Dataframe on PyPy-CodePudding

PyPy does a great job in accelerating my code. However, when it comes to using Pandas on PyPy, as expected, it is not speeding up the code that much. I am looking for a way to replace that part of the code with few lines of code that does not rely on Pandas such that I can benefit from the full power of PyPy. The task is really simple with Pandas: I have four data frames df_AB, df_CD, df_AC, and df_BD. I first built a merged data frame out of AB and CD, df_tot. I remove the rows that contain repeating values and sort the obtained data frame. Then, I compare the obtained df_tot with df_AC and df_BD and preserve a certain row in df_tot if values in columns A and C are present in df_AC and those in B and D are present in df_AD:

df_tot = df_AB.merge(df_CD, how='cross')
df_tot = df_tot[~df_tot.apply(lambda x: x.duplicated().any(), axis=1)]
df_tot = df_tot.drop_duplicates()
df_tot = df_tot.sort_values(["A","B", "C", "D"], axis=0, ascending=True, inplace=False, kind='quicksort', na_position='last')

df = pd.merge(df_tot, df_BD, on=['B','D'], how="inner")
df = df.drop_duplicates()

df_ACBD = pd.merge(df, df_AC, on=['A','C'], how="inner")
df_ACBD = df_ACBD.drop_duplicates()

How can I accelerate these few lines of code on PyPy? Many thanks!

CodePudding user response：

You complain that your code runs more slowly than desired.

benefit from the full power of PyPy.

Well, PyPy can loop through a million iterations faster than the cPython bytecode interpreter, and cython can go faster still.

But your difficulty seems to be with your algorithm, starting with allocating storage for giant Cartesian cross product in line 1. The A,B,C,D labels don't let me infer much about the business problem you're trying to solve, so it's hard to get an intuition for what you're really trying to compute. But repeatedly blowing up the number of rows with .merge() and then pruning dups just seems wasteful. If pandas gets to exploit dataframe indexes during these operations, it's not apparent from the code that was posted.

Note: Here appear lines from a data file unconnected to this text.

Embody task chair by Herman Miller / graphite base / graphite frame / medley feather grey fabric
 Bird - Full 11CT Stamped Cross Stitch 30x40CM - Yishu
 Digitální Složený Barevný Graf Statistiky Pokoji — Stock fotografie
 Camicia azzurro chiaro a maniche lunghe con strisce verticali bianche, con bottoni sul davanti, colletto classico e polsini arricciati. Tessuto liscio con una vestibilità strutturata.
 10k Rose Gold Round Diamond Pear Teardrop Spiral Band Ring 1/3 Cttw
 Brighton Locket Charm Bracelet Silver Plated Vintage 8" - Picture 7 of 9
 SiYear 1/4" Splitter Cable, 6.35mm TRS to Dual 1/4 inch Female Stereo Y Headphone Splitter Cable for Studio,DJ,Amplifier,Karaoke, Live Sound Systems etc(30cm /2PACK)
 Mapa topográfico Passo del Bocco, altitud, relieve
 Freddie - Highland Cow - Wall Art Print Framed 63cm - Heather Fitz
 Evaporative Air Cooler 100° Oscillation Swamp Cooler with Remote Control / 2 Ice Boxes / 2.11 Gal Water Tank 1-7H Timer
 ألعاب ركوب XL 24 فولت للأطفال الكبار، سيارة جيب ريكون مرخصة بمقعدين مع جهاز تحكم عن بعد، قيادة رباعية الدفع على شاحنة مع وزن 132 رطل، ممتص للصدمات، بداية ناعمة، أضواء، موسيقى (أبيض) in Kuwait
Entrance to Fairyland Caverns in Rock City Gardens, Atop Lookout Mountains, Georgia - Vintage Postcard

Consider putting your rows into four RDBMS tables, perhaps sqlite, and then JOINing them. Two good things would come of this. You'd be forced to explicitly declare UNIQUE constraints such as PRIMARY KEY. And you'd have an opportunity to examine EXPLAIN PLAN to see if it makes sense or if you should make a tweak to get a better query plan.

tl;dr: big-Oh complexity matters, be sure to avoid quadratic if O(n log n) would suffice.

CodePudding user response：

PyPy achieves improvement by automatically translating some pure python code in C (or like). Notably loops.

But when using pandas, it is one of its main advantage, we can avoid writing any loops. And a well written pandas code spend 99 % of times executing pandas functions, and not python function. Those pandas functions are already written in C, and very well optimized (if pypy was able to yet optimize C-code, well, it would have been done already in pandas code!).

So only chance PyPy have to optimize your code, is to optimize the "100-99 %" of your cpu time spend in pure python code.

PyPy are for people who want to write for loops in python and want them to be fast nevertheless. Pandas are for people who don't want to write for loops in python.